── EXERCISE INPUT ──

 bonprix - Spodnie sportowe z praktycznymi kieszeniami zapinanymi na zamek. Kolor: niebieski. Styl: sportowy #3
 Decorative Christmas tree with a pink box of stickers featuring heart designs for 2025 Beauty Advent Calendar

───
── EXERCISE INPUT ──

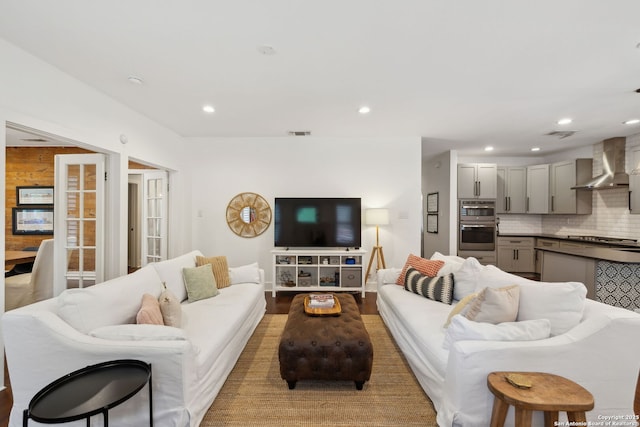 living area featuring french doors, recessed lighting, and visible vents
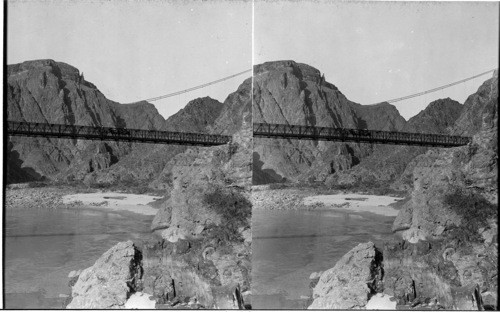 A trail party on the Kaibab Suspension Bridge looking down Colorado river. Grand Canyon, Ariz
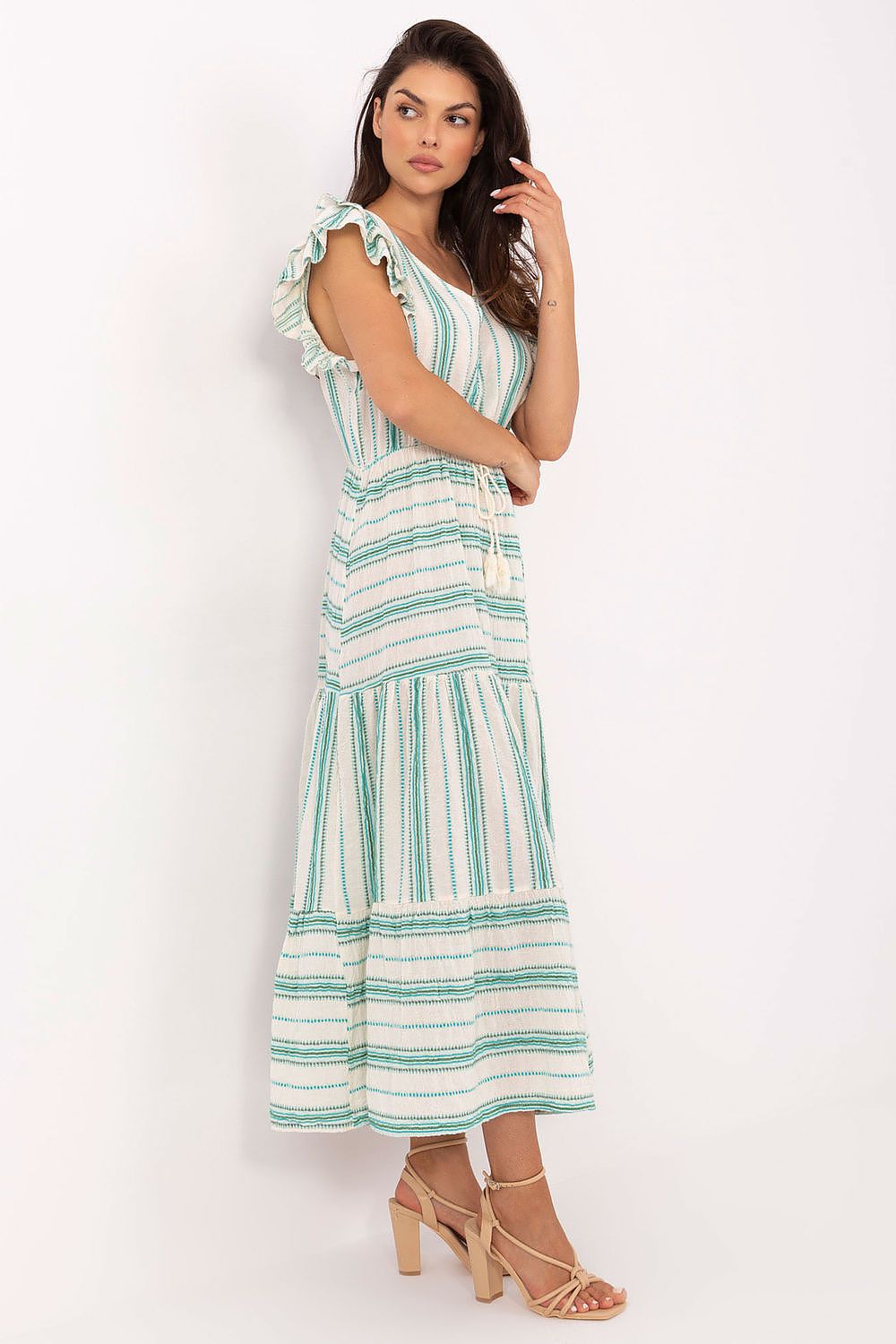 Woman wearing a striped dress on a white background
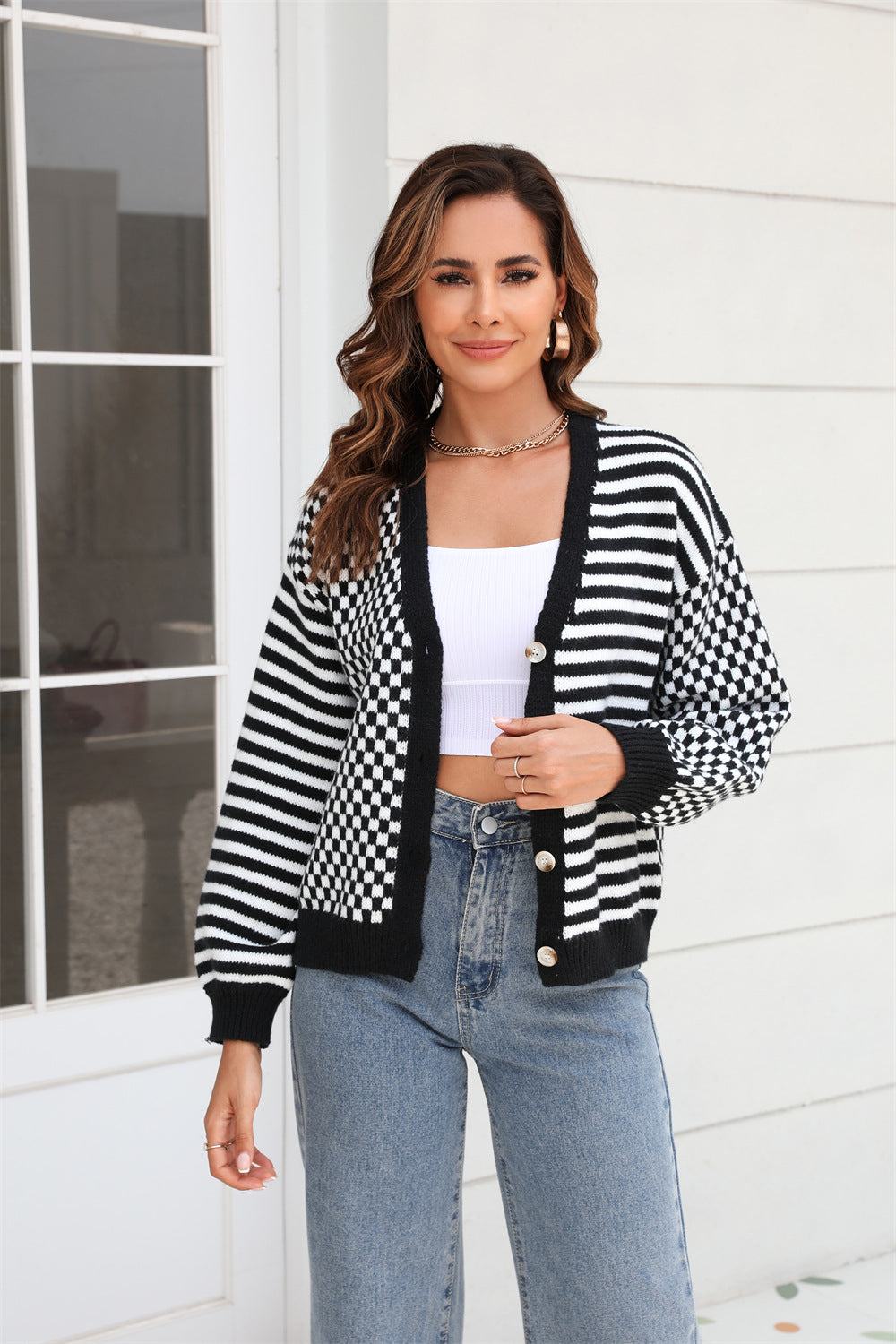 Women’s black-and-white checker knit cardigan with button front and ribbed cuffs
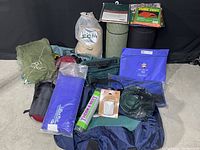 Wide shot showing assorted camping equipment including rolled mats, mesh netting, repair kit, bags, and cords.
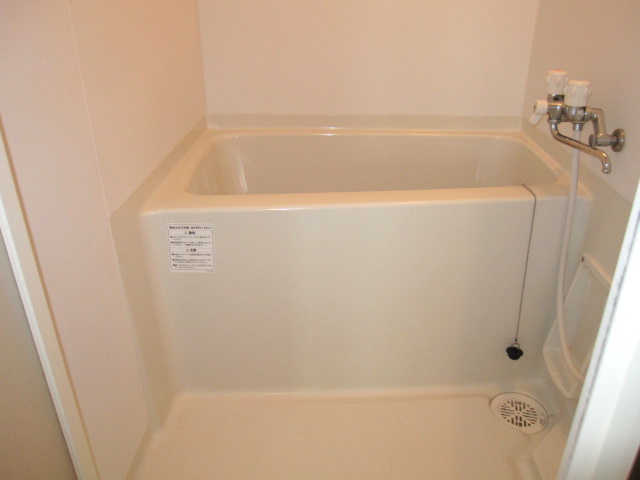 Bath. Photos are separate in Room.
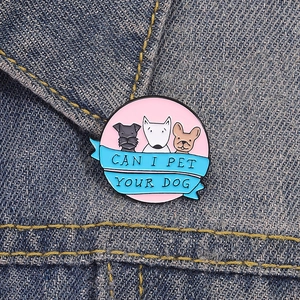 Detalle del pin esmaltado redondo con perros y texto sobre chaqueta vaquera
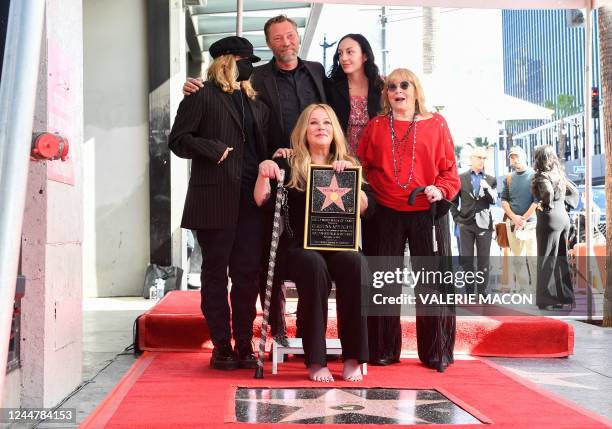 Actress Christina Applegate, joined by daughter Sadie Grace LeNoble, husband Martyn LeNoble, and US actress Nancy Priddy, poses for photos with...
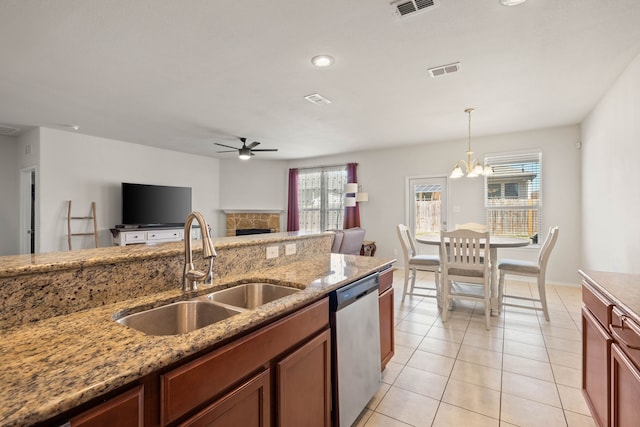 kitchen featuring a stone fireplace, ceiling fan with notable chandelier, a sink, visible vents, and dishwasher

───
── EXERCISE INPUT ──

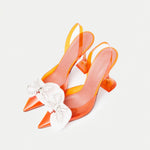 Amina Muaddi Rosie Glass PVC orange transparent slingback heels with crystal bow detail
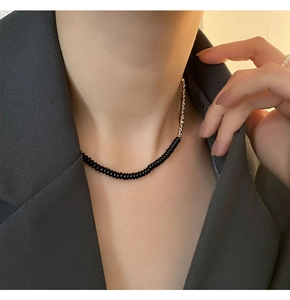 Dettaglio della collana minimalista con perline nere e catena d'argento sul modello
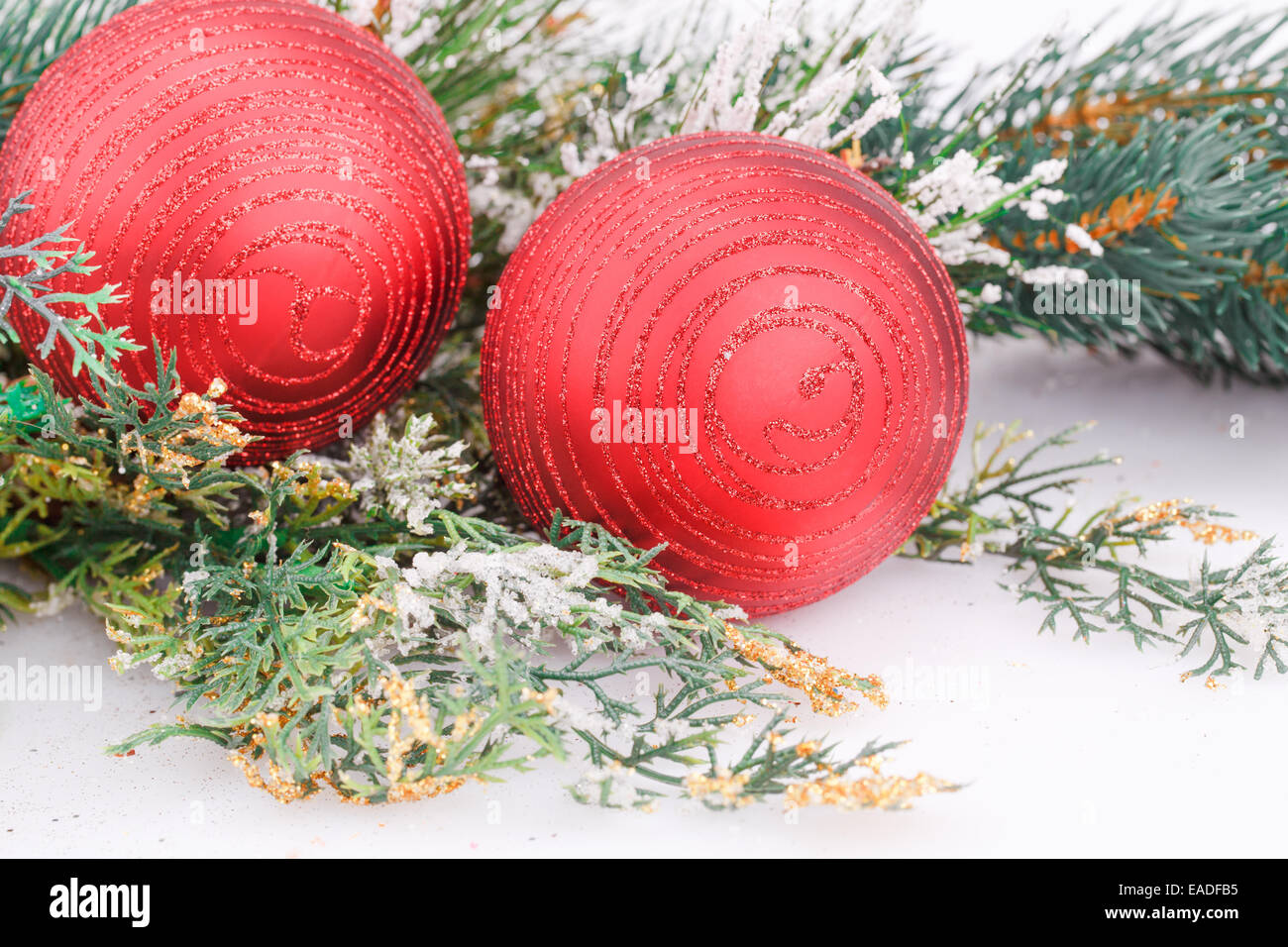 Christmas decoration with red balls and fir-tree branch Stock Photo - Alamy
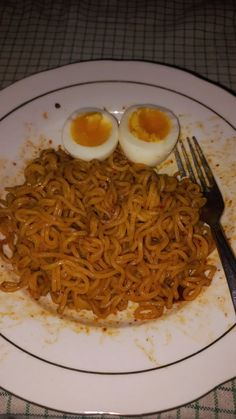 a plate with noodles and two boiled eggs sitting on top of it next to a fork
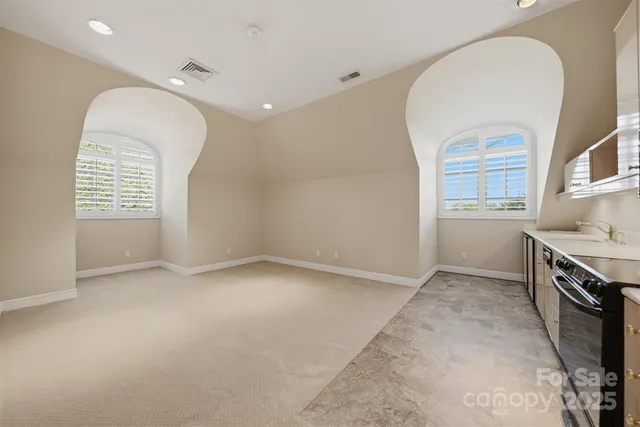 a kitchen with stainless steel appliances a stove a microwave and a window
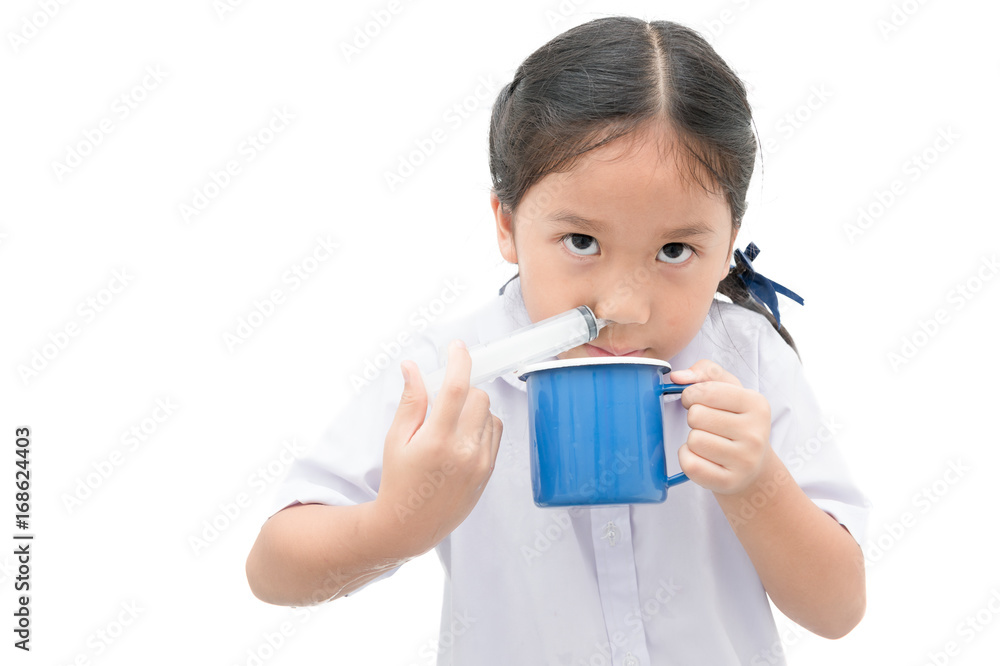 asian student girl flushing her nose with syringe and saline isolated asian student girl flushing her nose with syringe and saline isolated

───

Set down again, exactly, every line above from the one with "Dettaglio della collana" down to the one with "saline isolated asian", both ends included. No pictures, and nothing else.

 Dettaglio della collana minimalista con perline nere e catena d'argento sul modello
 Christmas decoration with red balls and fir-tree branch Stock Photo - Alamy
 a plate with noodles and two boiled eggs sitting on top of it next to a fork
 a kitchen with stainless steel appliances a stove a microwave and a window
 asian student girl flushing her nose with syringe and saline isolated asian student girl flushing her nose with syringe and saline isolated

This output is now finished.